La conferenza di Vienna è stata preparata da altri 4 convegni continentali: Vienna, Buenos Aires, Addis Abeba e New Delhi, dove sono emerse le criticità a livello dei continenti. Rappresentanti dei Paesi fondatori sono intervenuti per offrire da subito riflessioni mirate nella prospettiva religiosa. Il card. Jean-Luois Tauran, presidente del Pontificio consiglio per il dialogo interreligioso, oltre che portare gli auguri di papa Francesco, ha sottolineato alcuni punti fondanti del dialogo interreligioso.

«Il dialogo interreligioso insegna ad essere attenti a non dare delle altre religioni un’immagine negativa in luoghi come le scuole e le università, attraverso i mass media, o soprattutto nei discorsi religiosi. Ci insegna a non sminuire le convinzioni religiose degli altri, soprattutto in loro assenza. Ci insegna a considerare la diversità in tutti i suoi aspetti, che sia etnica, culturale o di vedute, come una ricchezza e non come una minaccia».

Il rappresentante della Santa Sede ha inoltre testimoniato come  il dialogo interreligioso «spinga ad ascoltare e a conoscere meglio l’altro, a pensare prima di giudicare e a presentare il contenuto della nostra fede e le nostre ragioni per poter vivere con gentilezza e rispetto». Il frutto di questi atteggiamenti, ha ricordato ancora Tauran, è contribuire a ridare a Dio il luogo che merita, ispirando il valore della fraternità, assicurando la saggezza e il coraggio, aspetti imprescindibile per poter passare dal pensiero e dalle parole all’agire.

Colpisce anche quanto ha affermato il Dr. Sammak, musulmano libanese, che non ha avuto timore di riconoscere come i rapporti fra le religioni siano fragili e vulnerabili. «Il dialogo è l’arte di cercare la verità nel punto di vista dell’altro – afferma Sammak –. Il mondo oggi non è più diviso in blocchi, ma ha un volto multiplo e mette in evidenza le varie differenze».

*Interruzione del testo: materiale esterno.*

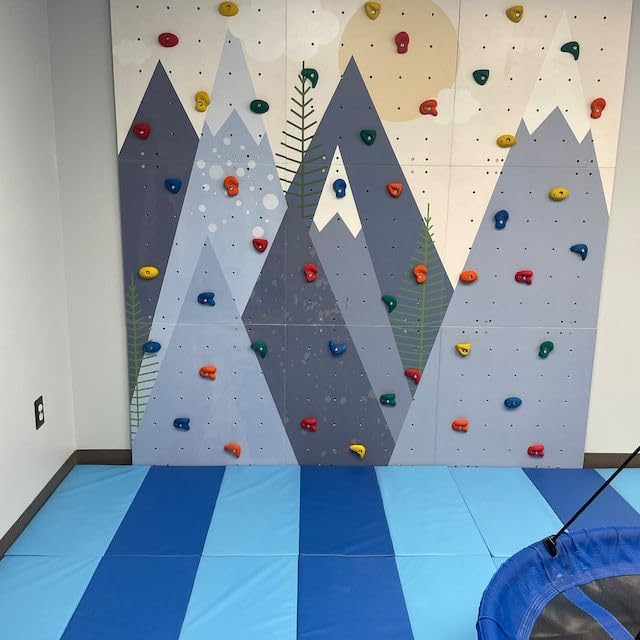 Withe Tech Rock Wall Climbing Holds Set of 30 for Kids and Adult,DIY Wall Climbing Holds for Indoor and Outdoor Play Set Use (Multicolor) with Installation Kit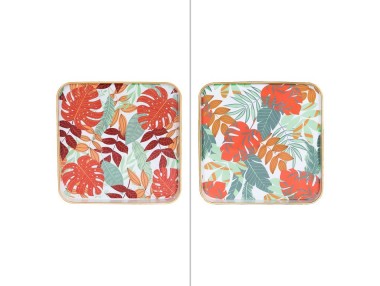 PLATEAU CARRE AMAZONIA 35 ASS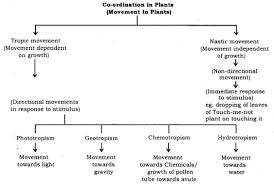 Control And Coordination Class 10 Notes Science Chapter 7 Learn Cbse Class10sciencenotes Scienceclass10notes Class Science Notes Teaching Biology Science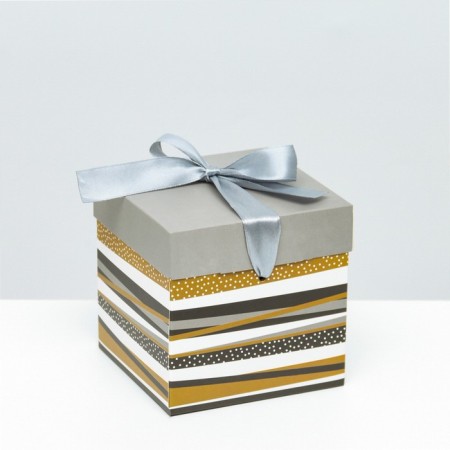 Self -assembly box "line" gray 10x10x10 cm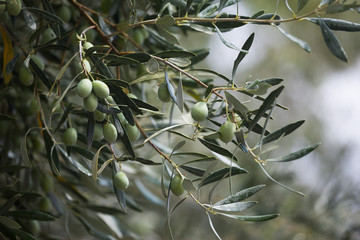 branch of a tree, olive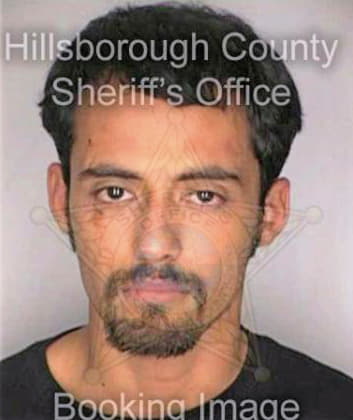 Ramirez Christopher - Hillsborough County, FL 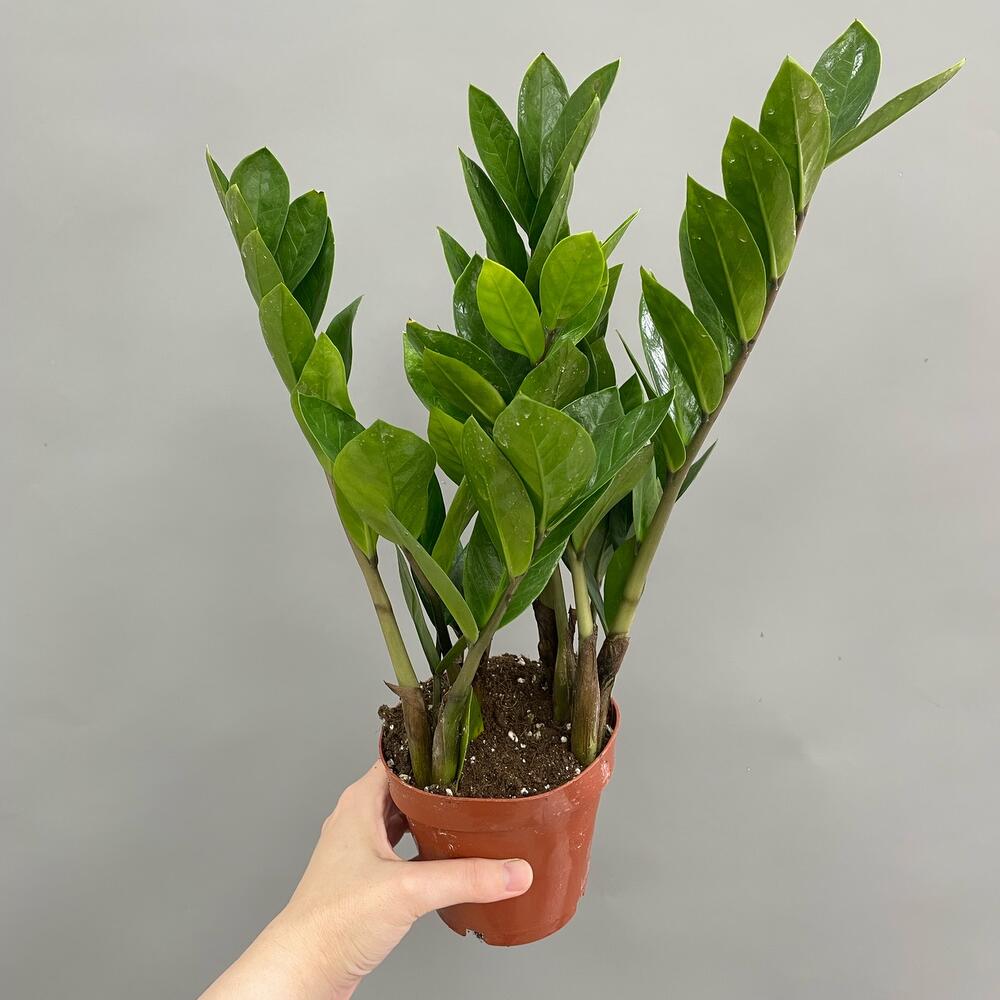 Lösen Sie einen Teelöffel in einem Glas Wasser auf und gießen Sie die Zamioculcas damit. Sie wird wie verrückt wachsen.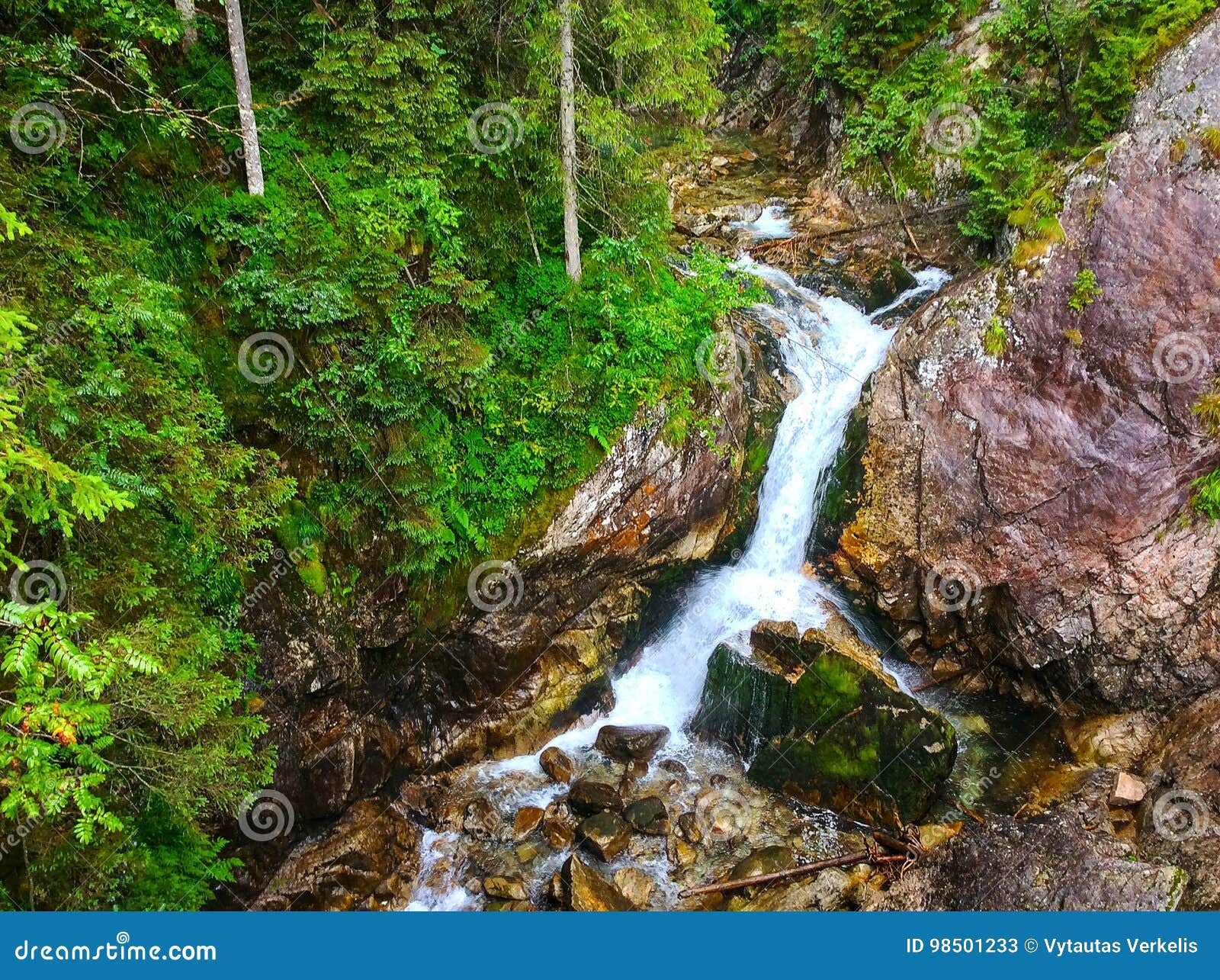 Cascade Falls Over Mossy Rocks Stock Image Image Of River Moss 98501233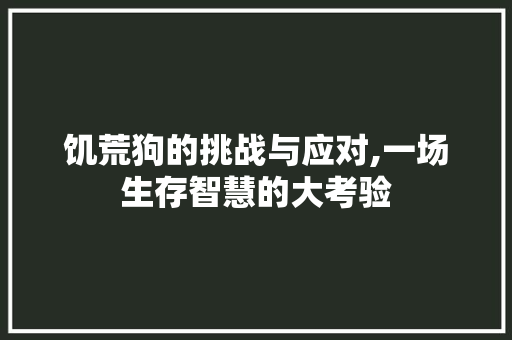 饥荒狗的挑战与应对,一场生存智慧的大考验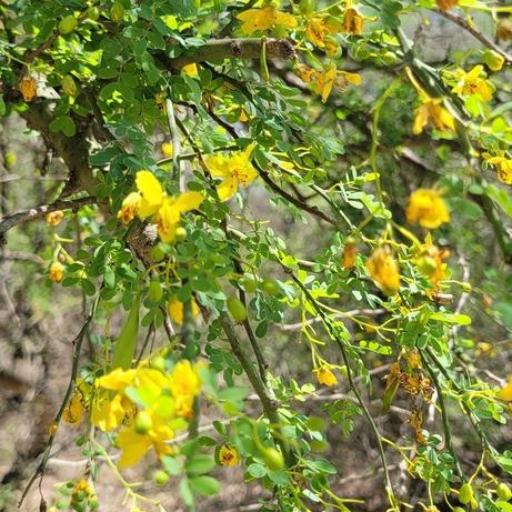 Parkinsonia texana — search result for 'Retama'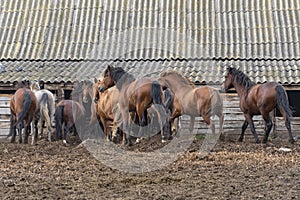 Herd of multi-colored horses run from pasture to old stable. Summer outdoor walk is over.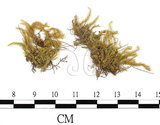 中文名:(B00009588)學名:Brachythecium plumosum (Hedw.) B. S. G. var. minutum Tak.(B00009588)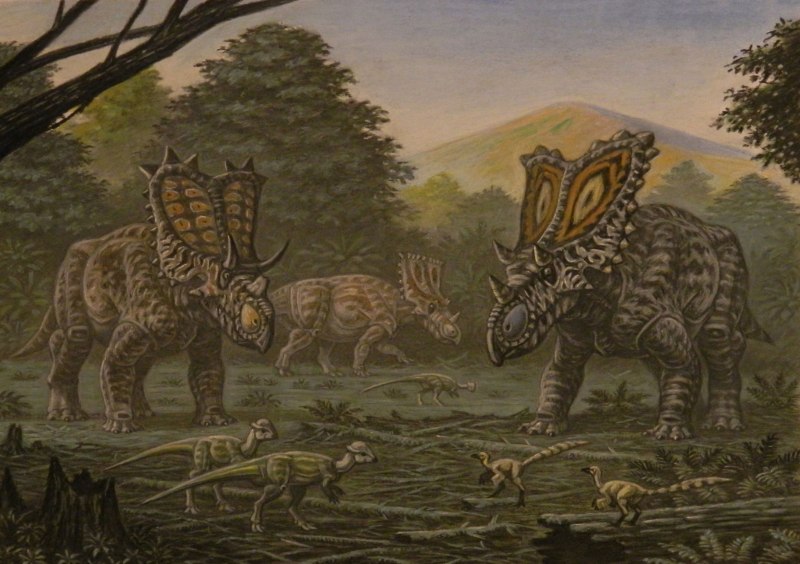 Vagaceratops ВАГАЦЕРАТОПС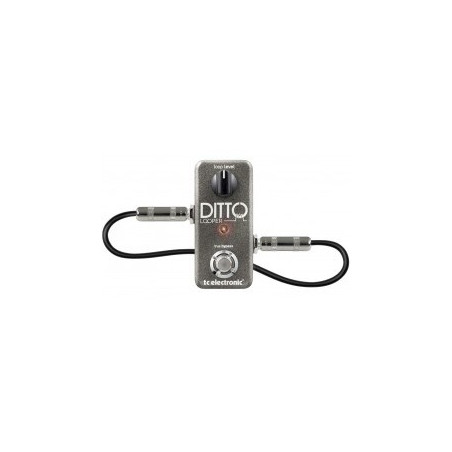 TC Electronic Ditto Looper Looper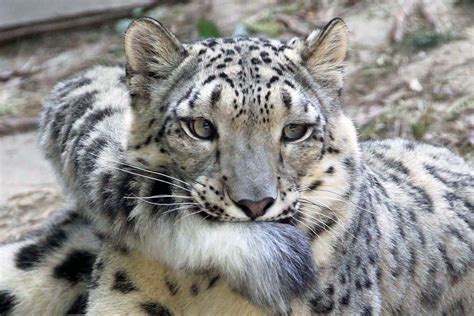 10 Wholesome Pics Of Snow Leopards Who Love Biting Their Fluffy Tails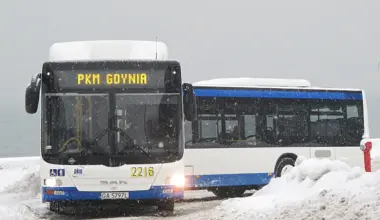 Gdynia kupuje 18 autobusów spalinowych. Tuż przed zmianą przepisów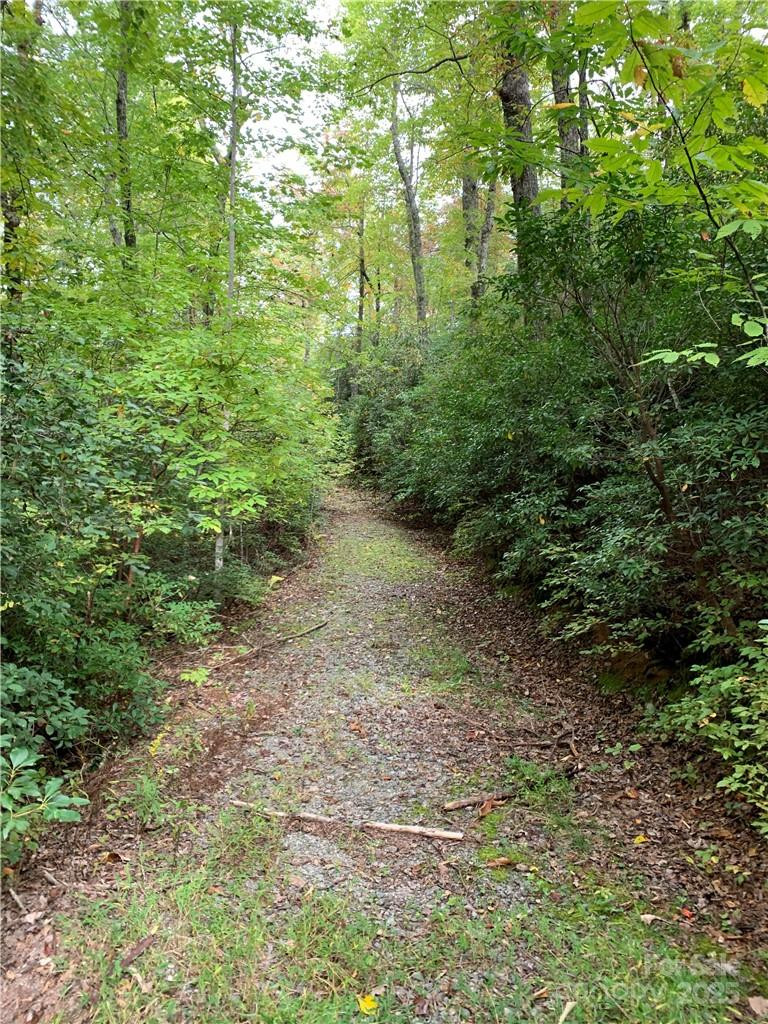 000 Eastatoe Gap Road - Photo 3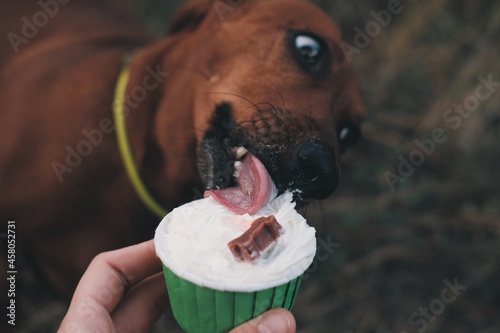 Close up brown dachshund is eating dog's cupcake. Cute dog is eating treatment. Cake for dogs.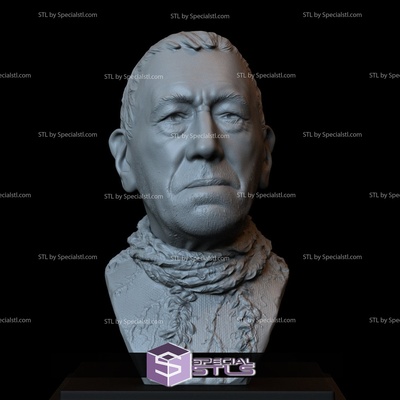 bust portrait stl collection - three eyed raven specialstl 3d print model - Mito3D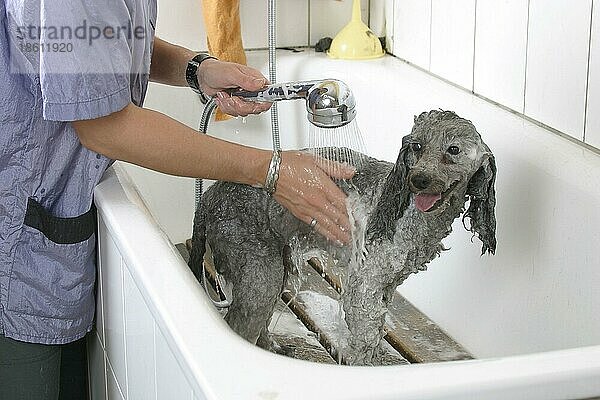 Toy Poodle  silver  being showered  Zwergpudel  silber  wird geduscht  Schampoo wird ausgespült  duschen  Hundefriseur  Hundefrisör  innen  Badewanne  bathtub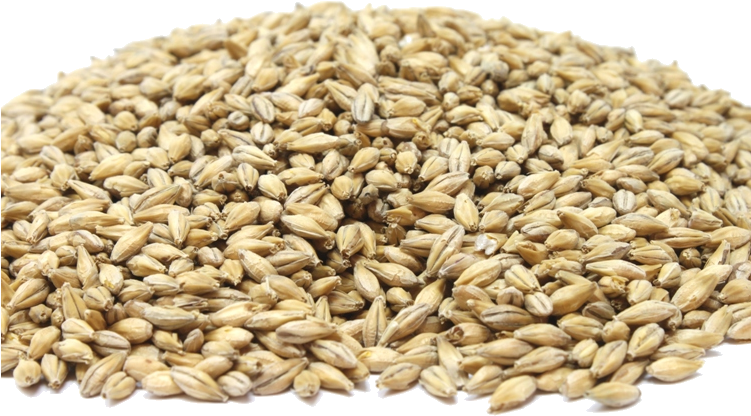 Perfect For Decoction And Only Decoction - Perle Orge (752x448), Png Download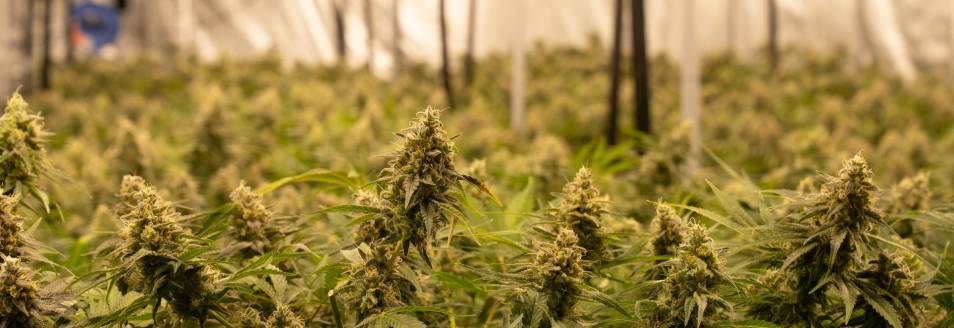 What Is THC? Meaning, Types, Effects, and Differences Explained New Project2 RollPros - Pre Rolling Machine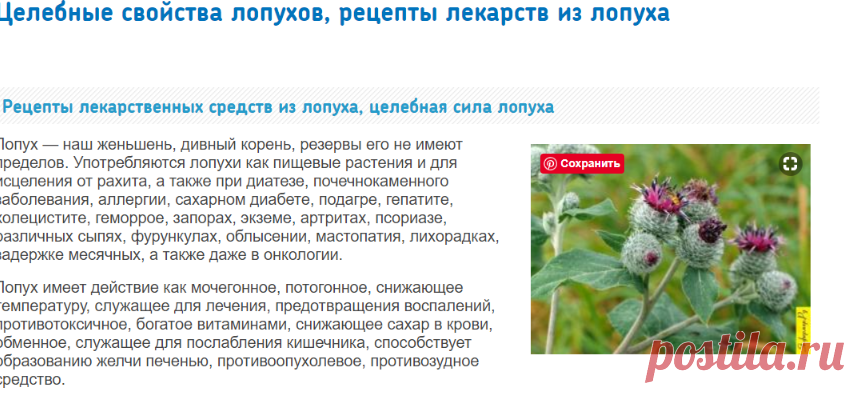 Целебные свойства лопухов, рецепты лекарств из лопуха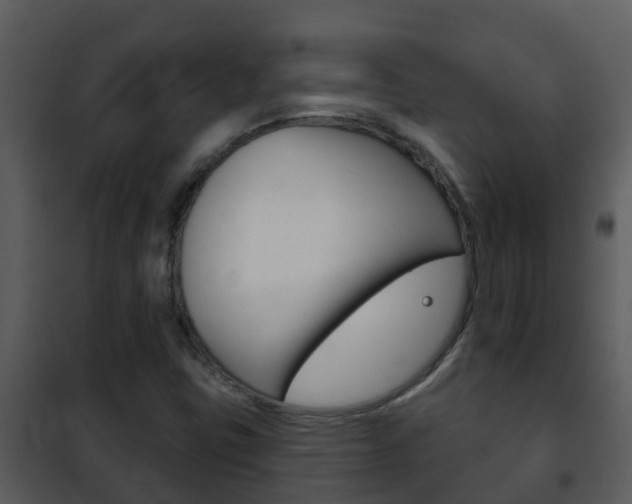 X0000101971403200807180715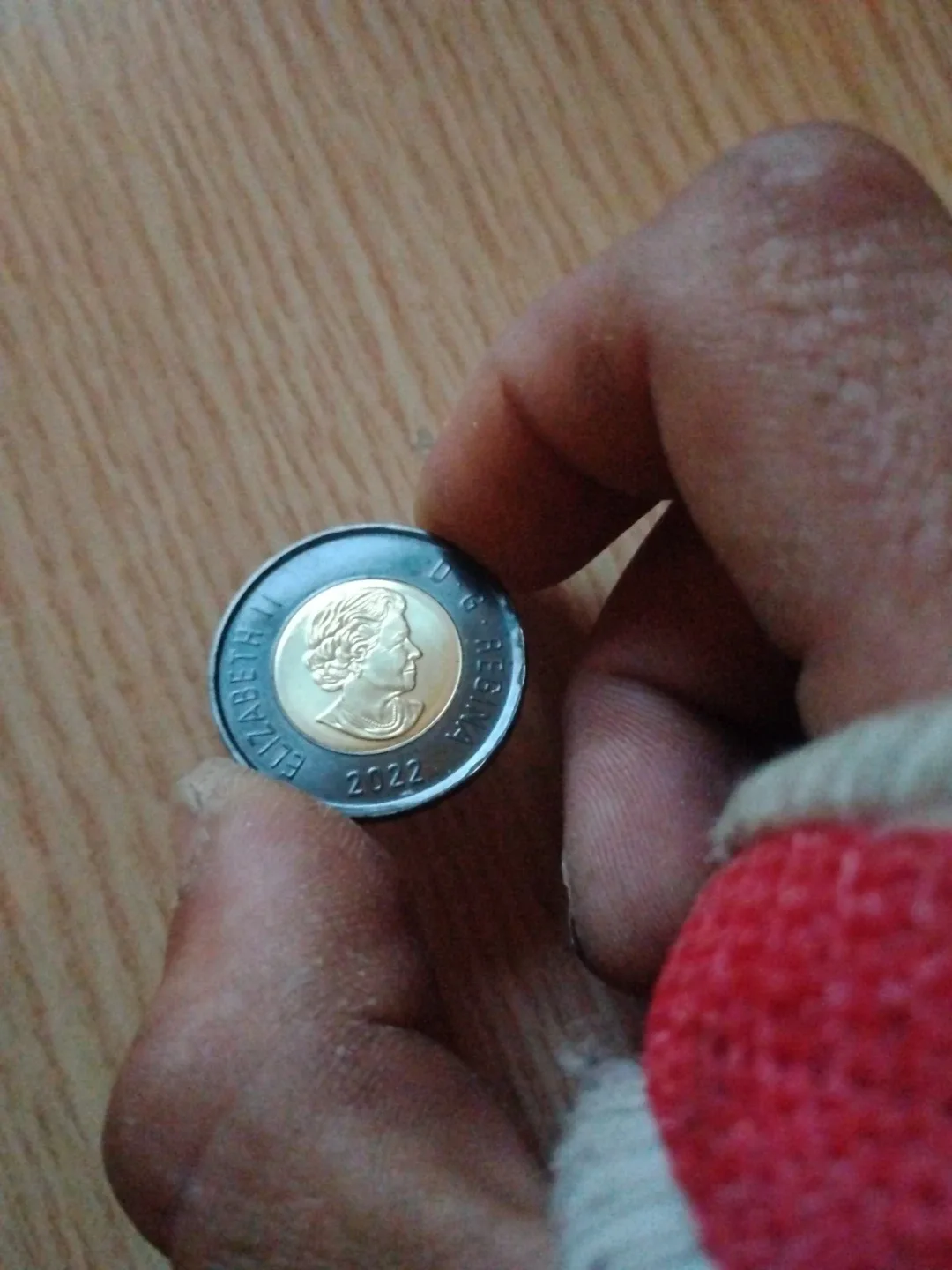 2022 uncirculated commemorative "black toonies" image indicator(2)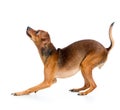 Russian toy terrier dog Royalty Free Stock Photo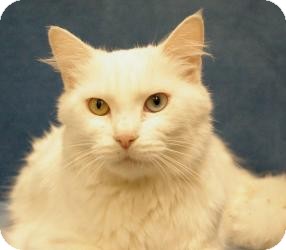 Turkish Angora Cat for Sale in Sacramento, California - Sofia Turkish Angora Cat for Sale in Sacramento, California - Sofia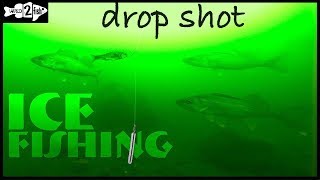 How to Ice Fish Walleye with the Drop Shot Rig [upl. by Haydon]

Nei due giorni di lavoro si sono alternati momenti di carattere istituzionale con interventi di amministratori di vari Paesi, coinvolti nelle politiche educative dei rispetti governi, a workshop che hanno dato voce a ciascuno dei partecipanti nell’affrontare i nodi – e sono molti – ancora legati all’immagine di chi non è come noi. Il convegno ha dato una chiara coscienza di quanto ancora ci sia da fare di fronte all’incontro-scontro provocato soprattutto dai flussi migratori. Ma ha anche fornito una mappa dell’impegno di singoli, gruppi, governi locali e nazionali alla trasformazione dei processi educativi verso la scoperta dell’altro come di un altro me.